Ich fühle mich leer, im Schatten des Lebens, verloren im Dunklen und sehne mich nach der verborgenen Schönheit des Erden-Seins.
Ich sehe sie an, ihre Art zu lachen, die Autorität ihres Daseins.
Fragen überkommen mich und ich suche nach Antworten, was wäre, wenn …?
Wenn ich nicht in meinem eigenen Dasein gefangen wäre, in den Zwängen meiner Herkunft.
Sie bekümmert es nicht, welch Kleid sie trägt, wie ihr Haar fällt oder wann die Uhr ihr die Zeit der Abendstunde schlägt.
Ich stehe vor einem Spiegel, nehme mein Tuch, binde mir das Haar, verdecke seine Schönheit und verschleiere mich.
Während du dich der Bildung widmest, dein Körper sich zum Takt der Musik bewegt, du die Abendstunden mit deinem Liebsten verbringst, sitze ich hier.
Im Dunkel des Tages.
Frage mich, ob wir vergessen sind.
Die Frauen meines Landes.
Ich trage einen Hijab, bedecke meinen Körper mit langer Kleidung, um die Stellen zu verbergen, die doch die Natur formte.
Denn in meinem Land ist dies ein Gebot, mein Körper könnte Reize erwecken und somit die Menschen zur Sünde verleiten.
Bedenkt man, dass es nicht der Körper an sich ist, sondern der Mensch, der seine Gier nicht zügeln kann, betraft werden wir, dafür wie die Natur uns einst erschaffen hat.
Es gab eine Zeit, weit vor meiner, eine Zeit, wo Frauen es als eine Freude empfanden, sich mit Gold zu schmücken, Kleider in leuchtenden Farben zu präsentieren und unter ihren Armen ihre Bücher tragend, mal auf dem Weg zur Universität waren.
Sonnenbrillen auf ihren Gesichtern und das Haar offen fallend, vom Wind die Strähnen ins Gesicht geblasen, eine Zeit, die man sich heute kaum noch vorstellen kann.
Ich sehe mir alte Bilder an, junge Männer und Frauen lächelnd im Park sitzen, sie spielten Musik und andere tanzten.
Längst vergessene Bilder Afghanistans.
Musik, die durch die Bars, die Gassen erklingt und Menschen, deren Lachen bis zu den Dächern nun hallt.

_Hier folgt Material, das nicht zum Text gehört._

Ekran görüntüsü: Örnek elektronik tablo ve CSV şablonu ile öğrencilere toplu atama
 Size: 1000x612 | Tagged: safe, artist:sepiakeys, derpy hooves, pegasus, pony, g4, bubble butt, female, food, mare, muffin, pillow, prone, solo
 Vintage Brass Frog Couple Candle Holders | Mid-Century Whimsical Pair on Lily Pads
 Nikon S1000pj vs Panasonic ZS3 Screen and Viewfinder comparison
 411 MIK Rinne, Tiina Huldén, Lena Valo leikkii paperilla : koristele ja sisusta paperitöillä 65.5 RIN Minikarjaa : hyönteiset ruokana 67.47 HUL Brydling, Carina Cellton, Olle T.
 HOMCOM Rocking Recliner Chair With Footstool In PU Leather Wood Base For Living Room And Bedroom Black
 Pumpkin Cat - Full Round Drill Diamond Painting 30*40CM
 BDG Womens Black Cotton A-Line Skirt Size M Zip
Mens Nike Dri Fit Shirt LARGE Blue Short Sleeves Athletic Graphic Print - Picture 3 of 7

Einst ein Reiseziel für Hippies, man glaubt es kaum, auf den Straßen gab es Schnitzel zu verspeisen.
Heute kennt man Kabul nur zerschlagen, unter Schutt und Asche gelegen und regiert von einer Macht, mit der ein Schauer verbunden ist, der sich auf mein Gemüt legt.
Seit Jahren bangen wir um unser Leben, unsere Heimat unser Dasein.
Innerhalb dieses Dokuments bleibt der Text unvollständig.